Many an old farmer still walking the sod today can revive vivid
memories of these charming shacks out back. Why, very important functions were performed day after day, week after week, month after month, and year after year.
Plus, they were performed in thunderstorms, blizzards, zero weather,
and in the hottest heat of August. The only air conditioning was the
fresh breeze allowed by those half moons and an open door if only
family were around. Hot and cold breezes weren't the only concerns: in
the heat of summer, those will creatures buzzing about weren't butterflies!
From the homesteading of Hamilton County in the 1860s to the 1950s,
the outhouse could be counted among the buildings on the farm: the
house, the barn, hen house, brooder house, silo, wash house and summer
kitchen combo, hog house, machine shed, shop, corncrib, granary, garage,
wood shed, ice house, and the faithful dirt cellar lines with bricks.
The No. 1 rule for placement of outhouses and barnyards: they had to
either be down hill or a certain distant from the windmill if you
didn't cotton to flavored water from your well.
Before outhouses were invented, what was there? We read about the
many sod houses in Hamilton County in the 1870s when the county was
homesteaded, but did you ever see or hear of a sod outhouse? Me neither,
so we'll leave that story to your imagination.
I guess "toilet" was a given name for The Necessary a title deemed
proper if you raised your little finger while sipping hot tea in bone
china. Some also called it a privy, but for my family, it was the
outhouse! Whatever the title, if the mission got accomplished, who cared?
The front of the outhouse faced away from the dirt road whizzing past
the farm house. That way, by leaving the door open in nice weather, the
occupant would have some light to read.
Read? Read what? Toilet paper for most farmers came in the mail,
printed with designs, photos, and words and prices. Pretty fancy, eh?
Back on the farm when I was a young lad in the 1940s there weren't
enough coins to jingle to buy that fancy soft-rolled fluff.

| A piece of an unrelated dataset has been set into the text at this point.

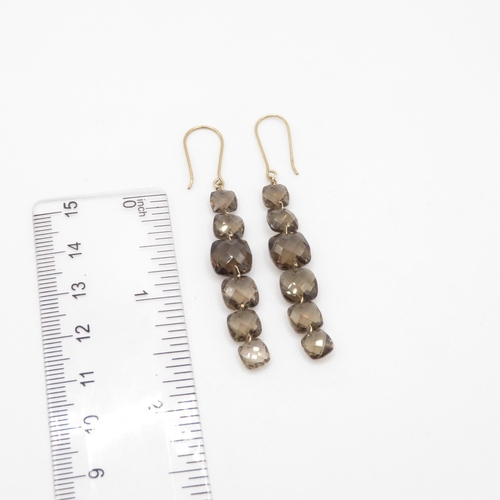 77 - 9ct gold faceted drop smokey quartz earrings with French hooks (4.1g)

So, last year's thick Sears & Roebuck catalog was put to proper use
in last rites for that great steak supper. Or if you were a Monkey Wards
shopper, it would be the choice of your reading material . . . and its
pages would be properly put to use. It was years before I figured out
that Monkey Wards and Montgomery Wards were the same store.
Which pages of the catalog would be selected first for the task at
hand? Well, the women wouldn't be ripping out the household, clothing,
and shoe pages first. Those were the pages they read. The men wouldn't
be ripping out the pages with farm equipment, harnesses, tools, and
engines first.
Somehow, it all evened out and there would be a need for another
catalog next year. But, if you found an item you particularly liked, you
had better tear the page out to take with you or it might become a
prized offering for the pit before you returned.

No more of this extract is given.